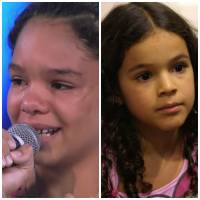 Bruna Marquezine é comparada com candidata do 'The Voice Kids': 'São idênticas'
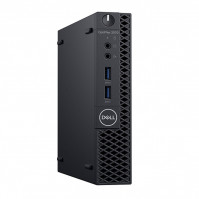 Máy tính để bàn Dell Optiplex 3070 Micro - 42OC370004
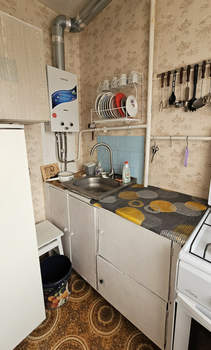 4-к квартира, вторичка, 57м2, 4/5 этаж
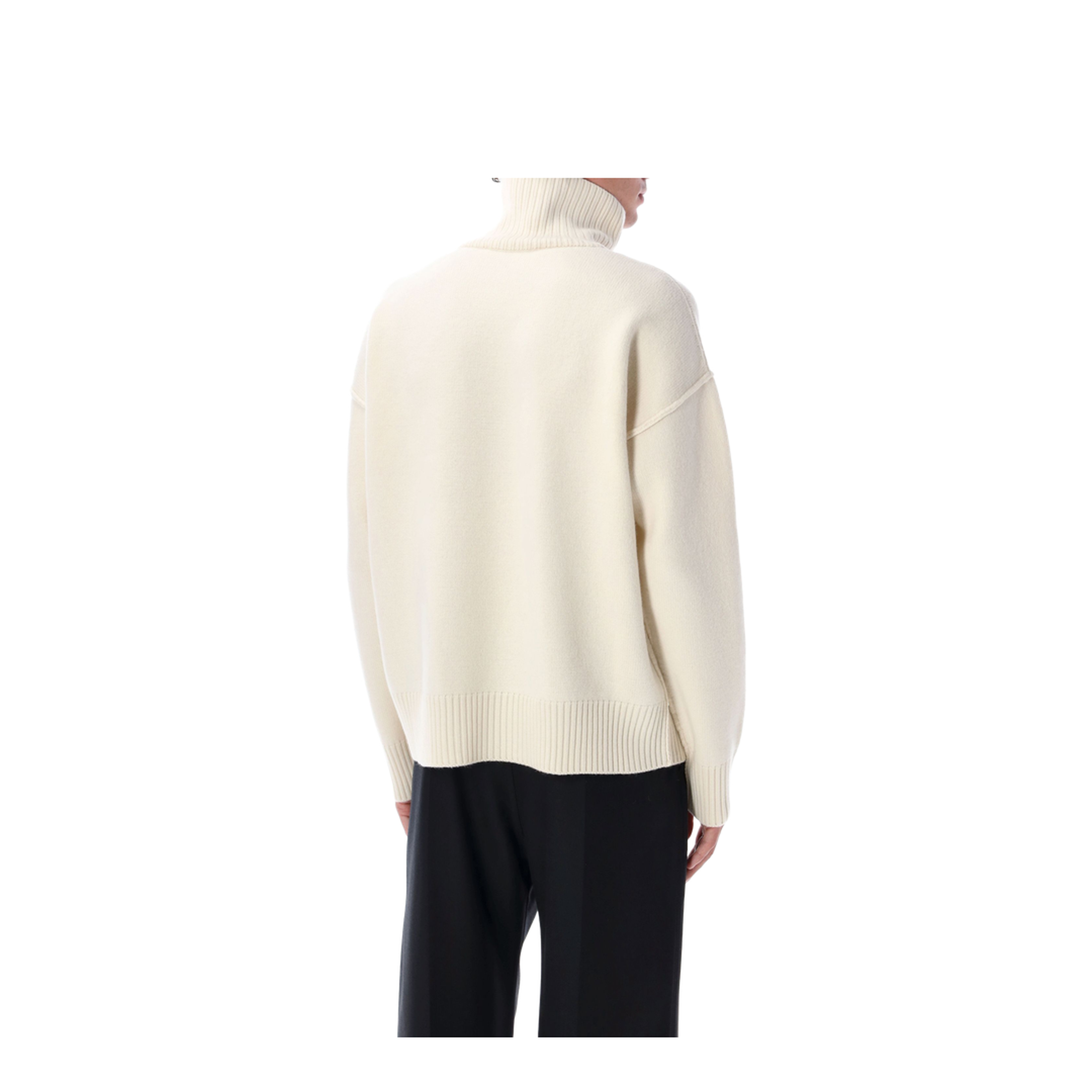 MAYFEYR - Ami Paris - Sweaters Beige - UKS839018154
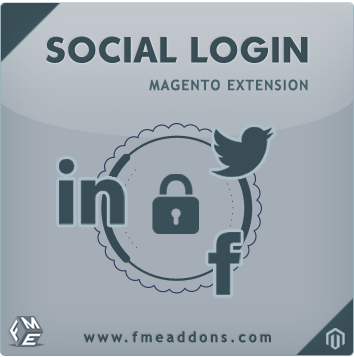 Magento Facebook Login Extension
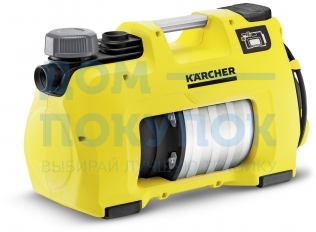 Самовсасывающий насос Karcher BP 5 Home & Garden 1.645-355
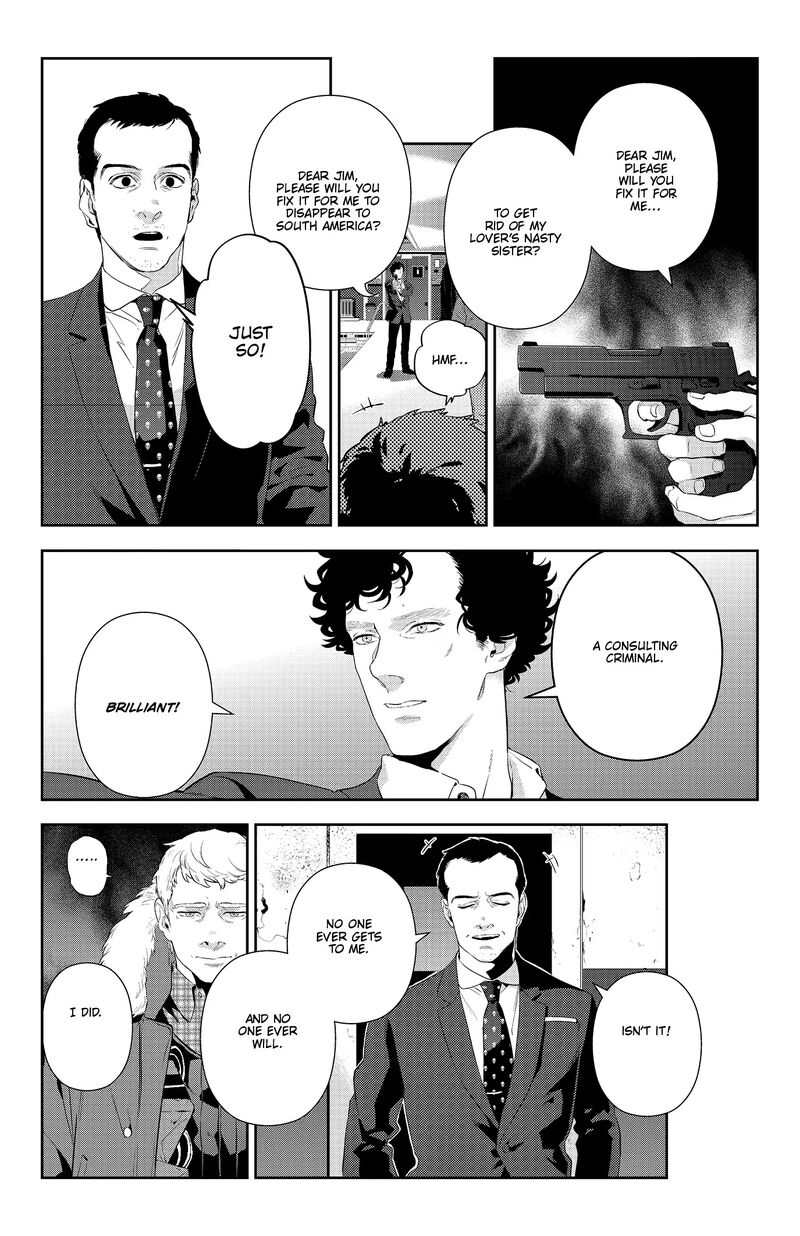 Sherlock Chapter 18 Page 15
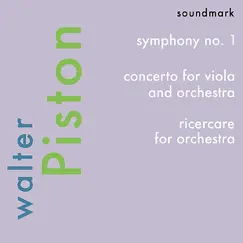 Concerto for Viola and Orchestra - I. Con moto moderato e flessibile Song Lyrics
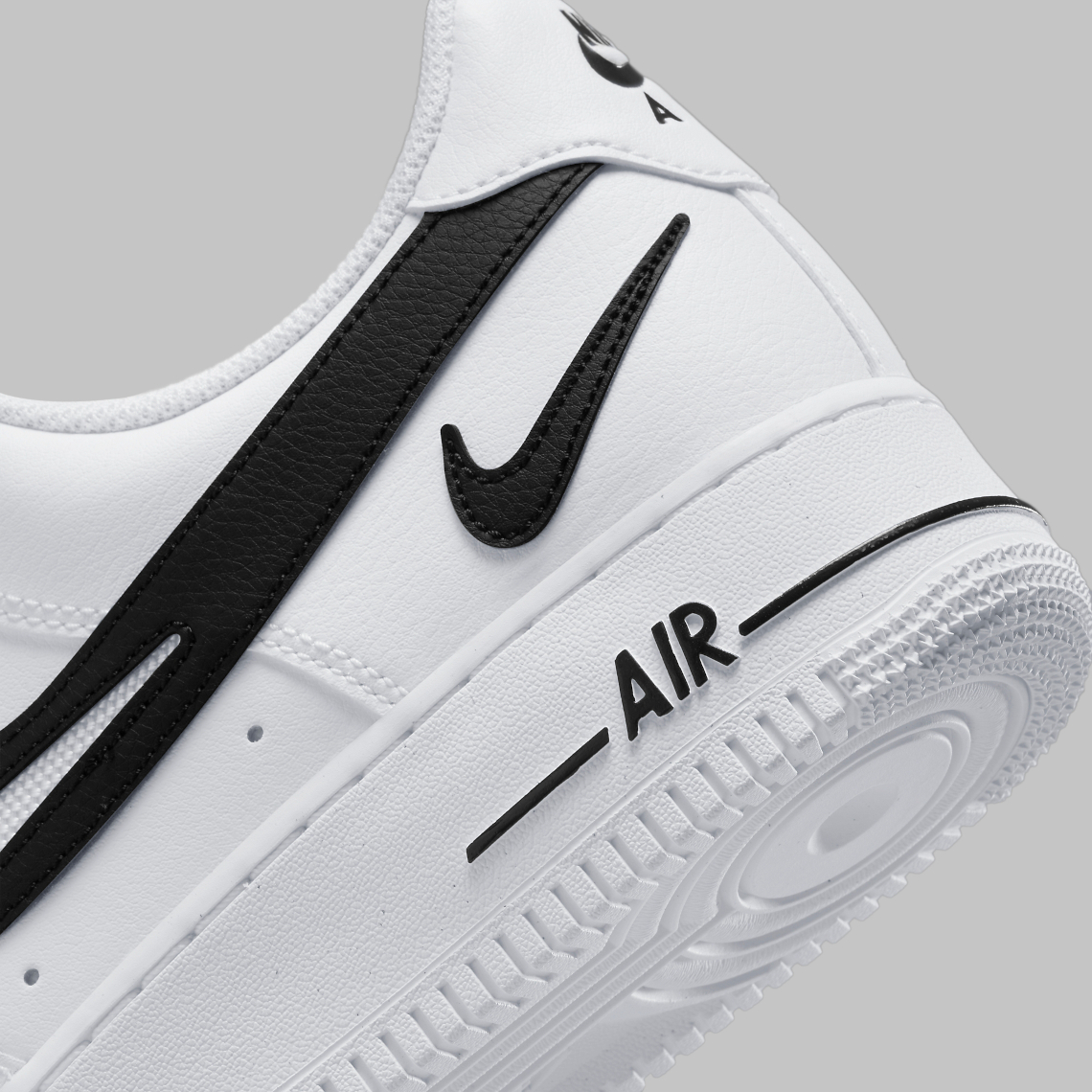 Nike Air Force 1 Low White Black DR0143-101 | SneakerNews.com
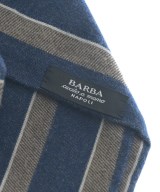 BARBA（バルバ）ネクタイ 紺 サイズ:- メンズ/2200633410117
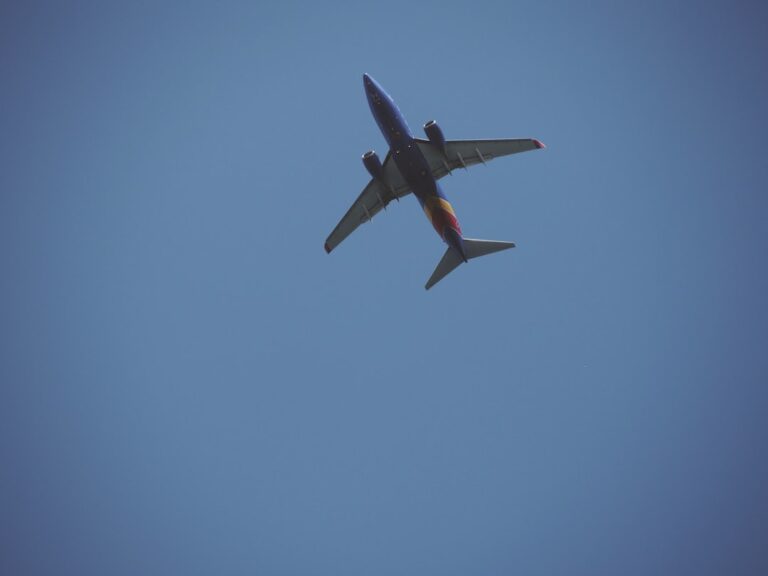 Photo Southwest Airlines plane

------------------------------------

- Exercise directions
Return the records above exactly, without the pictures.

- Response to this exercise
 Bruna Marquezine é comparada com candidata do 'The Voice Kids': 'São idênticas'
 Máy tính để bàn Dell Optiplex 3070 Micro - 42OC370004
 4-к квартира, вторичка, 57м2, 4/5 этаж
 MAYFEYR - Ami Paris - Sweaters Beige - UKS839018154
 Magento Facebook Login Extension
 Самовсасывающий насос Karcher BP 5 Home & Garden 1.645-355
 Sherlock Chapter 18 Page 15
 Concerto for Viola and Orchestra - I. Con moto moderato e flessibile Song Lyrics
 Nike Air Force 1 Low White Black DR0143-101 | SneakerNews.com
 BARBA（バルバ）ネクタイ 紺 サイズ:- メンズ/2200633410117
 Photo Southwest Airlines plane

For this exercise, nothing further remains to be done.